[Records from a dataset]
::::
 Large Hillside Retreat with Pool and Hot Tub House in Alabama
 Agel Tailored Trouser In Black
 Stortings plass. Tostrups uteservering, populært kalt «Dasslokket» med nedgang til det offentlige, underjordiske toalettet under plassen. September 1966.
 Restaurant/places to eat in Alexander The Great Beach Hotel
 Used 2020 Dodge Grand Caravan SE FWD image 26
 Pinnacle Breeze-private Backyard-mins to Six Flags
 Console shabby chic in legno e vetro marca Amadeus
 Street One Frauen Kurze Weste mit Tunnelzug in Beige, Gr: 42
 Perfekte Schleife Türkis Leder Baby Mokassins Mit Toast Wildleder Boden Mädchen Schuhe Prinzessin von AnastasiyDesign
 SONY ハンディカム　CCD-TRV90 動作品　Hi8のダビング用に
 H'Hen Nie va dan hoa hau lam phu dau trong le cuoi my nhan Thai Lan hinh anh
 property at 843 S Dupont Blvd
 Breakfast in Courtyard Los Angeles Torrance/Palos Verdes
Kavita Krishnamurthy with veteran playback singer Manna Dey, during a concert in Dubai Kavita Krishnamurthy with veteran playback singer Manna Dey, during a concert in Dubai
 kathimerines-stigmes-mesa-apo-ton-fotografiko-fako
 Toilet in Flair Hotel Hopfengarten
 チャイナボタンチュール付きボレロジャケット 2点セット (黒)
::::
[What to produce]
Take the entries above and copy out all lines with the string "Hotel".

[Answer box]
 Restaurant/places to eat in Alexander The Great Beach Hotel
 Toilet in Flair Hotel Hopfengarten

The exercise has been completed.